Vector Bin Packing with Multiple-Choice

TL;DR

This paper introduces an approximation algorithm for multiple-choice vector bin packing, extending previous models to handle multiple item incarnations and bin types, with applications in network scheduling and other fields.

Contribution

It presents a novel approximation algorithm with a logarithmic factor for the cost, and a PTAS for the related multidimensional knapsack problem, expanding the scope of vector bin packing solutions.

Findings

Approximation algorithm with about ln D factor for multiple-choice vector bin packing.

Polynomial time complexity under certain dimensional and bin type constraints.

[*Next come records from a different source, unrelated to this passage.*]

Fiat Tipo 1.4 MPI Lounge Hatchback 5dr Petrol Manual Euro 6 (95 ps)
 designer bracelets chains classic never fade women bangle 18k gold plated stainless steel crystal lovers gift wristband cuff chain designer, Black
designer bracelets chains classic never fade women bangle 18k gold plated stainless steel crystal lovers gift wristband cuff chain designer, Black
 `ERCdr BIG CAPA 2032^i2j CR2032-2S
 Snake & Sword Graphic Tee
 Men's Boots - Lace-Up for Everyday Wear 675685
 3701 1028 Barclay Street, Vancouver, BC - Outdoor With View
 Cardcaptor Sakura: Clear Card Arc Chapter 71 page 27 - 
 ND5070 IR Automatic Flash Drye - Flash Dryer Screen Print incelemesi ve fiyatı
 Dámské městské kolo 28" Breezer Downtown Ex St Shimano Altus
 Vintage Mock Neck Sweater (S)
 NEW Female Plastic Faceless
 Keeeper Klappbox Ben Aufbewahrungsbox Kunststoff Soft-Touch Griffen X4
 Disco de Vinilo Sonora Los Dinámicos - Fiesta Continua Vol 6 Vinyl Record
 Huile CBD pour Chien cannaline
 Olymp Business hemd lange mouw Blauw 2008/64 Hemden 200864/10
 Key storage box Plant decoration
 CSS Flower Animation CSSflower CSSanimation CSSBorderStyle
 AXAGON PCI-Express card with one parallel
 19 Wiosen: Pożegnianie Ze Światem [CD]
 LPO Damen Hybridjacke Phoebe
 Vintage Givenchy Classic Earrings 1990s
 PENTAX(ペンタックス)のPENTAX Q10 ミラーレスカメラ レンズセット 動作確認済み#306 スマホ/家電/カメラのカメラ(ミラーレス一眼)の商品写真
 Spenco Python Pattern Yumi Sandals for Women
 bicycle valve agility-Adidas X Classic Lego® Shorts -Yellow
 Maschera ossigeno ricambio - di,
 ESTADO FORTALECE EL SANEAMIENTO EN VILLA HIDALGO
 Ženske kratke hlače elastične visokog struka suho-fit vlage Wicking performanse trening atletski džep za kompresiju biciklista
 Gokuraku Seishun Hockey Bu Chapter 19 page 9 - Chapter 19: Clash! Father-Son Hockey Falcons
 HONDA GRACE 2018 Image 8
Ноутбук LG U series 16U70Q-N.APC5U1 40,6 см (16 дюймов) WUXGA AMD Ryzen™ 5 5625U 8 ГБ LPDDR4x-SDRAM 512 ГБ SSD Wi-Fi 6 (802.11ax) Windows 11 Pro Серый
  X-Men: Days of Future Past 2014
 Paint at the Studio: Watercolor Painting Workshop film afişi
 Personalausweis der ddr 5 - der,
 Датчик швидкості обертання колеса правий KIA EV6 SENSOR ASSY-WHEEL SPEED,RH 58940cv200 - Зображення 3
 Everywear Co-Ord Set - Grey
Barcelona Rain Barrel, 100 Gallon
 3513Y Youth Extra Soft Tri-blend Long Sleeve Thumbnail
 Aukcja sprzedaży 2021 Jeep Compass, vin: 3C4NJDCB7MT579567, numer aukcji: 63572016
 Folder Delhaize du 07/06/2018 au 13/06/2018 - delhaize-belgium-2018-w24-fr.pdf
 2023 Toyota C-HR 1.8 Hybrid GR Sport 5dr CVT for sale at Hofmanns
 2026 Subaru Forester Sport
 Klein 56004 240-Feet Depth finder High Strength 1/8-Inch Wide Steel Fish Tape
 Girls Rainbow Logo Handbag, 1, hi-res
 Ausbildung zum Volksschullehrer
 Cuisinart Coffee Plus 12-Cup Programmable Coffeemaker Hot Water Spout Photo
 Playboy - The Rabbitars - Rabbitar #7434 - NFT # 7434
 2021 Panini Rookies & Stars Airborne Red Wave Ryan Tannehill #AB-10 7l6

A PTAS for the multiple-choice multidimensional knapsack problem.

Abstract

We consider a variant of bin packing called multiple-choice vector bin packing. In this problem we are given a set of items, where each item can be selected in one of several $D$-dimensional incarnations. We are also given $T$ bin types, each with its own cost and $D$-dimensional size. Our goal is to pack the items in a set of bins of minimum overall cost. The problem is motivated by scheduling in networks with guaranteed quality of service (QoS), but due to its general formulation it has many other applications as well. We present an approximation algorithm that is guaranteed to produce a solution whose cost is about $\ln D$ times the optimum. For the running time to be polynomial we require $D=O(1)$ and $T=O(\log n)$. This extends previous results for vector bin packing, in which each item has a single incarnation and there is only one bin type. To obtain our result we also present a PTAS for the multiple-choice version of multidimensional knapsack, where we are given only one bin and the goal is to pack a maximum weight set of (incarnations of) items in that bin.